Information supplied ::
##########

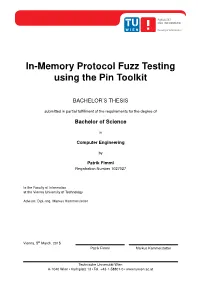 In-Memory Protocol Fuzz Testing Using the Pin Toolkit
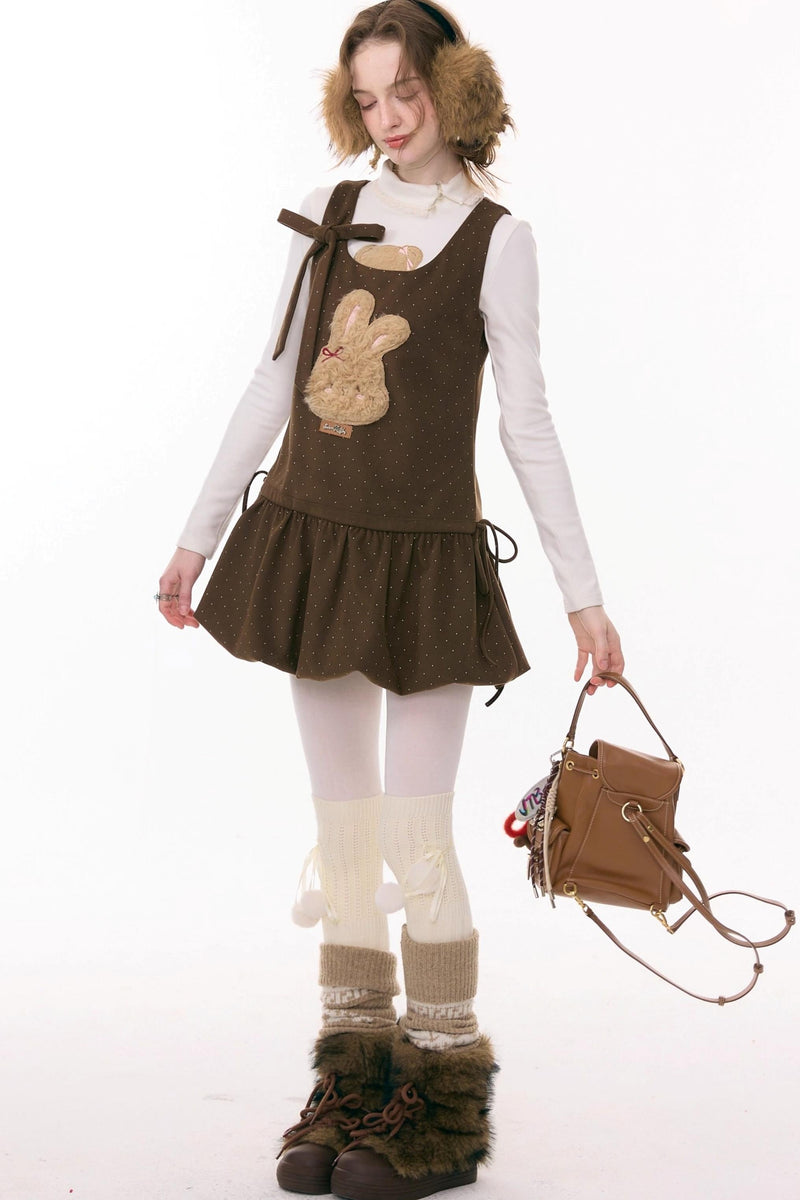 Caramel Rabbit Vest Dress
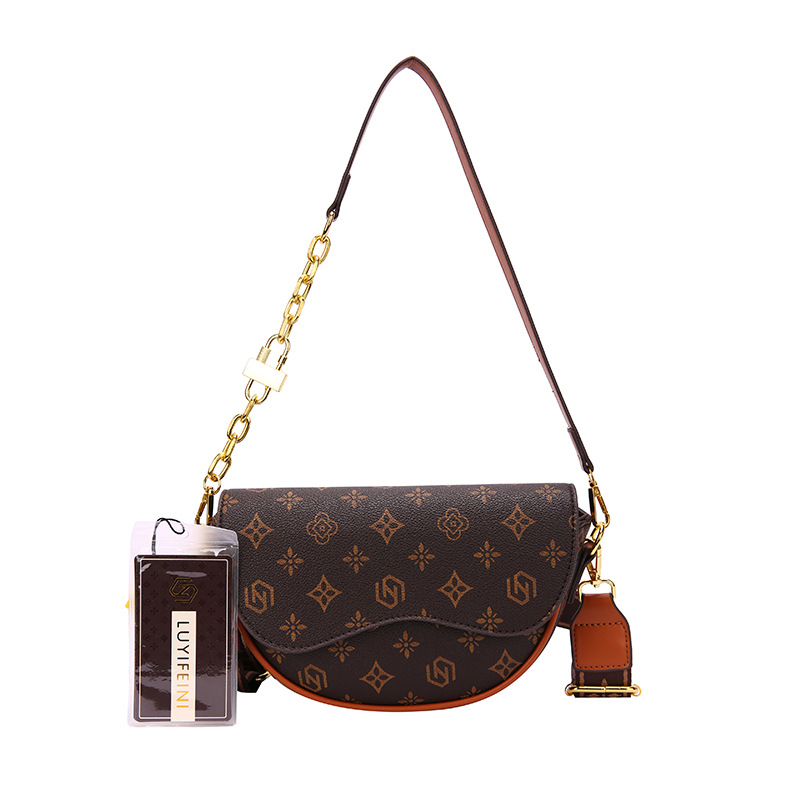 Women's New Designer Colorful Print Saddle Bag, Luxury Versatile Underarm Shoulder & Crossbody Bag With Free shipping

##########

Keeping pictures out, repeat exactly the lines from the one containing "Caramel Rabbit Vest Dress" through the end of the listing.

 Caramel Rabbit Vest Dress
 Women's New Designer Colorful Print Saddle Bag, Luxury Versatile Underarm Shoulder & Crossbody Bag With Free shipping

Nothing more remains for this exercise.